RAW DATA START

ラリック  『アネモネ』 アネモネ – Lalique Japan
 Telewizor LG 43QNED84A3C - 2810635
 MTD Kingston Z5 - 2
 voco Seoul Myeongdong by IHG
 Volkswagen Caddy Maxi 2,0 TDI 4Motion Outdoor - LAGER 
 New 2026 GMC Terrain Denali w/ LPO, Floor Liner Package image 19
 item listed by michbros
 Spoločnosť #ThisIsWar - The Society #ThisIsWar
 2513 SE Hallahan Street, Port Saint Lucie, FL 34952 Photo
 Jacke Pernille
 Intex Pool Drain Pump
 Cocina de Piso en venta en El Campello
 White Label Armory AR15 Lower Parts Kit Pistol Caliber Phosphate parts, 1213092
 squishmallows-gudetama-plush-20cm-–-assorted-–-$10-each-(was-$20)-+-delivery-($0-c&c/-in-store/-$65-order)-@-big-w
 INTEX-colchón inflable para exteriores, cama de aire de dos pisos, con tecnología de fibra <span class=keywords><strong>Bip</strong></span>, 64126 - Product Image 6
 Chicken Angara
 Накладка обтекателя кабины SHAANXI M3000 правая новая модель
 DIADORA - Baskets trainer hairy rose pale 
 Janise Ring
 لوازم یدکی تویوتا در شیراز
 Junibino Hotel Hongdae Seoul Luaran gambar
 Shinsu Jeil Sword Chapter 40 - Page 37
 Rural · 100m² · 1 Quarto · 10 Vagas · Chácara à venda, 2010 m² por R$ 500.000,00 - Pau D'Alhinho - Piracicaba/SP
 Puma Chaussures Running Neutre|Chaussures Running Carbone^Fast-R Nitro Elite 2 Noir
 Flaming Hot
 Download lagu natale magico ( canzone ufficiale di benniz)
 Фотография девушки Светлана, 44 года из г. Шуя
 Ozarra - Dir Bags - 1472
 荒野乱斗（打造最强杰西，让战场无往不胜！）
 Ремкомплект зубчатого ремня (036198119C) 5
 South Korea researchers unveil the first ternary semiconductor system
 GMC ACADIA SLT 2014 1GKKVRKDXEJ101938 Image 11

RAW DATA END

[PROMPT] Nothing should appear in the answer except the lines from the one with "Puma Chaussures Running" through the final line of the records, written exactly.

[ANSWER TO THE EXERCISE]
 Puma Chaussures Running Neutre|Chaussures Running Carbone^Fast-R Nitro Elite 2 Noir
 Flaming Hot
 Download lagu natale magico ( canzone ufficiale di benniz)
 Фотография девушки Светлана, 44 года из г. Шуя
 Ozarra - Dir Bags - 1472
 荒野乱斗（打造最强杰西，让战场无往不胜！）
 Ремкомплект зубчатого ремня (036198119C) 5
 South Korea researchers unveil the first ternary semiconductor system
 GMC ACADIA SLT 2014 1GKKVRKDXEJ101938 Image 11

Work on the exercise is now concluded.